Credit institutions are one of the most important establishments of the modern economy. Credit cards are a highly profitable product of these institutions.
In some situations, however, certain groups of clients tend to close their accounts and discontinue the credit cards.
This project is aimed at the prediction of those clients with more propensity to close their bank account with the financial institution using the available data and machine learning tools. Another goal is finding possible groups of clients and define their characteristics to help the marketing team to design custom-made campaigns to increase customer retention.
The project contains the following files:
eda.ipynb
The file includes basic information about the dataset obtained by using pandas
library.
preprocessing.ipynb
The file contains the preprocessing steps before the model training.
models.ipynb
The file contains the training of the models.
visuals.ipynb
The file contains visualizations of the dataset and the predictions.

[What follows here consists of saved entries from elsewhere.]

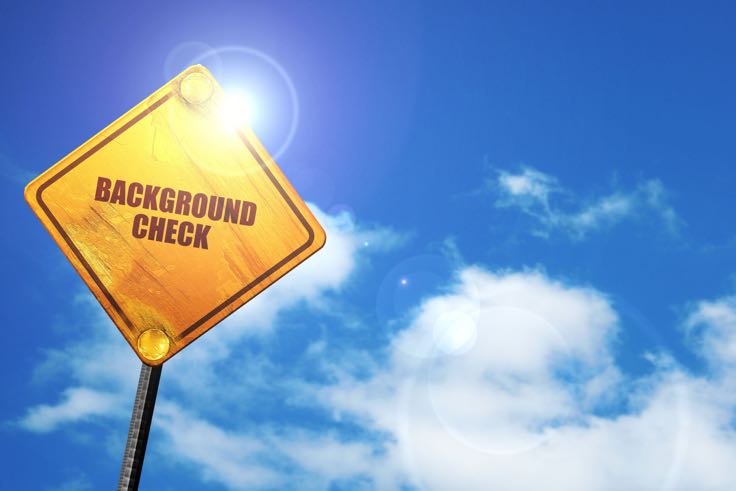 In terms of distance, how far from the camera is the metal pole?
231 centimetres

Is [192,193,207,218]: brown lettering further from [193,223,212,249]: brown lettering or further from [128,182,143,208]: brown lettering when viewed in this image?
[128,182,143,208]: brown lettering

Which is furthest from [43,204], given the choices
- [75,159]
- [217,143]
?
[217,143]

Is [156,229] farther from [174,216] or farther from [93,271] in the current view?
[93,271]

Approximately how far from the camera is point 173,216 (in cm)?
258

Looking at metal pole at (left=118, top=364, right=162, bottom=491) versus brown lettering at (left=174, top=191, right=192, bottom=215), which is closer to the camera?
metal pole at (left=118, top=364, right=162, bottom=491)

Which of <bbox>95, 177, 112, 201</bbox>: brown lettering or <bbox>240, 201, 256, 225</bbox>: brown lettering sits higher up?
<bbox>95, 177, 112, 201</bbox>: brown lettering

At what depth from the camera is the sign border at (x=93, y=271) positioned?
100 inches

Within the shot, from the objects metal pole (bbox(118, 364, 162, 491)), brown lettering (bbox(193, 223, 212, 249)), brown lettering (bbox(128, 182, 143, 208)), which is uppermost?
brown lettering (bbox(128, 182, 143, 208))

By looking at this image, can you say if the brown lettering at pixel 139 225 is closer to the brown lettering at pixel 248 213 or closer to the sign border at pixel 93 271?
the sign border at pixel 93 271

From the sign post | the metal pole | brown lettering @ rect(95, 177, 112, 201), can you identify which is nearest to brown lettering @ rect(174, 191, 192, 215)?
the sign post

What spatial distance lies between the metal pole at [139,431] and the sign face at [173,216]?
0.35ft

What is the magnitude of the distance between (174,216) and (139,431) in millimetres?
833

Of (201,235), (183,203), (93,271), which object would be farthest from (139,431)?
(183,203)

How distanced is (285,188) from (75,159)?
862mm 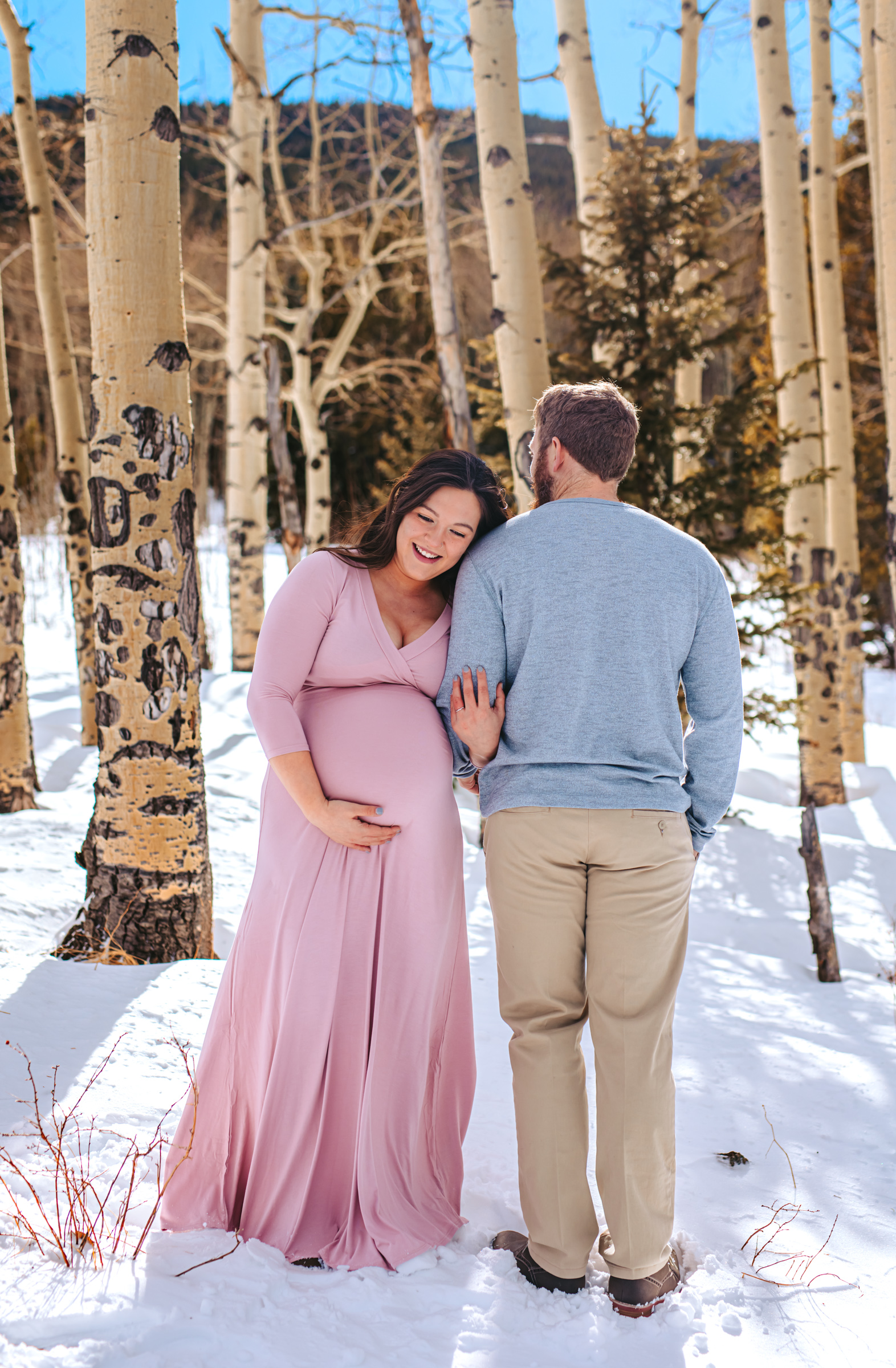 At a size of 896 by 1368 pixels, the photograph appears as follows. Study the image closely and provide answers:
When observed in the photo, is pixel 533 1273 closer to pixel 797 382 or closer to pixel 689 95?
pixel 797 382

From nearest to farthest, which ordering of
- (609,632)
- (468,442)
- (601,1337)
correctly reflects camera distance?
(601,1337) → (609,632) → (468,442)

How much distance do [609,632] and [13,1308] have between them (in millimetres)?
1694

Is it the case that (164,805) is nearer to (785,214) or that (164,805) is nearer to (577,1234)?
(577,1234)

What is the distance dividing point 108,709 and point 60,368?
414 cm

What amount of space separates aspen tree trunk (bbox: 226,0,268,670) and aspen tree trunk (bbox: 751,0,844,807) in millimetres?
4430

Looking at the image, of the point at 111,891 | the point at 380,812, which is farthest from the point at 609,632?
the point at 111,891

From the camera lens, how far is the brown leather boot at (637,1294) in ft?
5.98

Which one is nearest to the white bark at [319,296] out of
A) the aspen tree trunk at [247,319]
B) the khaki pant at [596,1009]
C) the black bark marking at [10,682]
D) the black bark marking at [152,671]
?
the aspen tree trunk at [247,319]

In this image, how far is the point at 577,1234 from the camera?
1900mm

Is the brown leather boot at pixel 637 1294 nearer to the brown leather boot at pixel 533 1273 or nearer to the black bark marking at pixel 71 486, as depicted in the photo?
the brown leather boot at pixel 533 1273

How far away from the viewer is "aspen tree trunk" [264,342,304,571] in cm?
881

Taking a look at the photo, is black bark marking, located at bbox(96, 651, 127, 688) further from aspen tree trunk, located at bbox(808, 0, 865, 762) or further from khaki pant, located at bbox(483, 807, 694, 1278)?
aspen tree trunk, located at bbox(808, 0, 865, 762)

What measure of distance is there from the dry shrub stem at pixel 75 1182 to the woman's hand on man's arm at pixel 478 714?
1037 mm

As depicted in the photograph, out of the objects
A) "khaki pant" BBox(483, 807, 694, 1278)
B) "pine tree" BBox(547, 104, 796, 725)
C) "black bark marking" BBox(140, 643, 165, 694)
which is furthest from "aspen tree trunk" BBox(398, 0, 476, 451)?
"khaki pant" BBox(483, 807, 694, 1278) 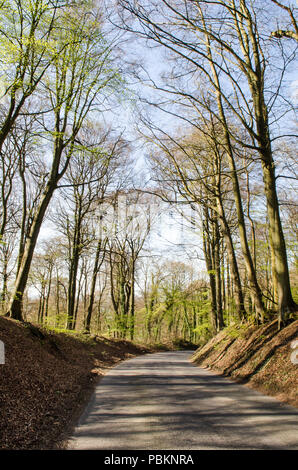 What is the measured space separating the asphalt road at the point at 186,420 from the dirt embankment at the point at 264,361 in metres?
0.37

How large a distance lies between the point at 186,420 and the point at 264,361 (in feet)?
13.6

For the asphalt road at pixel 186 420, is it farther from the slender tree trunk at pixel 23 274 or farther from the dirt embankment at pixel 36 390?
the slender tree trunk at pixel 23 274

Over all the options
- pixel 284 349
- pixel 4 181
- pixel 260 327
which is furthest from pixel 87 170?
pixel 284 349

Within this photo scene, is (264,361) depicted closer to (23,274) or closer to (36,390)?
(36,390)

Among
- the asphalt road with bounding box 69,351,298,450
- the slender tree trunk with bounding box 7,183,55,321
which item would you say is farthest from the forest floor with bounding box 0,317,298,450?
the slender tree trunk with bounding box 7,183,55,321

To use the files of the project, please install the libraries from the requirements.txt
file.
To get the perdictions of the model, pass the dataframe of the corresponding format to rf_classifier.predict()
.
The source of the dataset is Kaggle.com. The dataset can be downloaded on the following link: Credit Card Customers
In this dataset there are several features that are used as parameters to make predictions, including:
CLIENTNUM
: customer account number.
Attrition_Flag
: customer status (Existing and Attrited).
Customer_Age
: age of the customer.
Gender
: gender of customer (M for male and F for female).
Dependent_count
: number of dependents of customers.
Education_Level
: customer education level (Uneducated, High School, Graduate, College, Post-Graduate, Doctorate, and Unknown).
Marital_Status
: customer's marital status (Single, Married, Divorced, and Unknown).
Income_Category
: customer income interval category (Less than $40K, $40K-$60k, $60K-$80K, $80K-$120K, $120K +, and Unknown).
Card_Category
: type of card used (Blue, Silver, Gold, and Platinum).
Months_on_Book
: period of being a customer (in months).
Total_Relationship_Count
: the number of products used by customers in the bank.
Months_Inactive_12_mon
: period of inactivity for the last 12 months.
Contacts_Count_12_mon
: the number of interactions between the bank and the customer in the last 12 months.
Credit_Limit
: credit card transaction nominal limit in one period.
Total_Revolving_Bal
: total funds used in one period.
Avg_Open_To_Buy
: the difference between the credit limit set for the cardholder's account and the current balance.
Total_Amt_Chng_Q4_Q1
: increase in customer transaction nominal between quarter 4 and quarter 1.
Total_Trans_Amt
: total nominal transaction in the last 12 months.
Total_Trans_Ct
: the number of transactions in the last 12 months.
Total_Ct_Chng_Q4_Q1
: the number of customer transactions increased between quarter 4 and quarter 1.
Avg_Utilization_Ratio
: percentage of credit card usage.
The visualizations can be found in the visuals.ipynb
file. It should be read the last, as it contains data from the original dataset and the predictions, and the main goal is to study the trends and to compare them with the models predictions.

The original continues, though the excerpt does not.